AHMADABAD (AP):
THE WEST Indies had set a bad precedent for cricket by blowing a "minor incident out of proportion" and staging a walkout at Rajkot, an Indian cricket official said yesterday.
"The West Indies walkout of the Rajkot one-dayer on Tuesday could become one of cricket's major headaches in times to come," said Niranjan Shah, a former secretary of the Indian cricket board.
Objects thrown onto the grounds from the spectator stands in three successive limited-overs internationals prompted the West Indies team to walk off the field after a plastic bottle hit fielder Vasbert Drakes.
International Cricket Council match referee Mike Proctor allowed the Windies to take their players off the field in Rajkot, although he later awarded the match to India under a formula for shortened games.
"The West Indies over reacted to what's an occupational hazard for players all over the world," said Shah, chief of the organising body at Rajkot.
"With a minor incident being blown out of proportion, cricket will play into the hands of trouble-mongers, who have realised that they just need to hurl one bottle into the playing arena to sabotage a match," he said.

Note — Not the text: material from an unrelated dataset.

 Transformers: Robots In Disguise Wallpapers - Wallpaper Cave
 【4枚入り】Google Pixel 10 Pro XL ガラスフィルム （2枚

Shah said it could create an international precedent.
"If a stray bottle thrown at a player can lead to the game being aborted, it can now happen anywhere in the world," Shah said. Crowds sensing their team was in a losing position could spark trouble to void the result.
"There was just one mischief monger out to create some trouble and the West Indies helped him by making a mountain out of a molehill," Shah said.
West Indies team manager Ricky Skerrit contested Shah's view, saying what's been happening during the series were not minor incidents.
"Ramnaresh Sarwan was hit by a stone on the back during the second one-dayer in Nagpur and then Drakes got hit by a water bottle filled with water and dirt ... You call these minor incidents," Skerrit said.
"We prefer a cricket decision to take place on the field and have focused on cricket even when objects were thrown at our players," he said. "But in this case our players had genuine cause to believe they faced bodily harm."
Shah said he did not agree with the match referee and the West Indies team taking 'an accumulated view of three matches.'
"What happened in the other two venues of the current series cannot be related to Rajkot," he said.
But Skerrit said the West Indies didn't have 'preconceived notions about security.'
"We go into every match thinking security is not a problem, until the situation erupts otherwise," said Skerrit.
Former Indian captain Ravi Shastri, who was present as a television commentator at the disrupted match, said the incident was overplayed and the water bottle 'was not dangerous.'
"There was no further threat to compel play being called off. I suspect that the experience of the previous two games would have weighed on the mind of the match referee," Shastri said in his newspaper column.
"Crowd trouble is becoming endemic in India. Unless the authorities move in swiftly, there is only going to be more trouble in future," he said.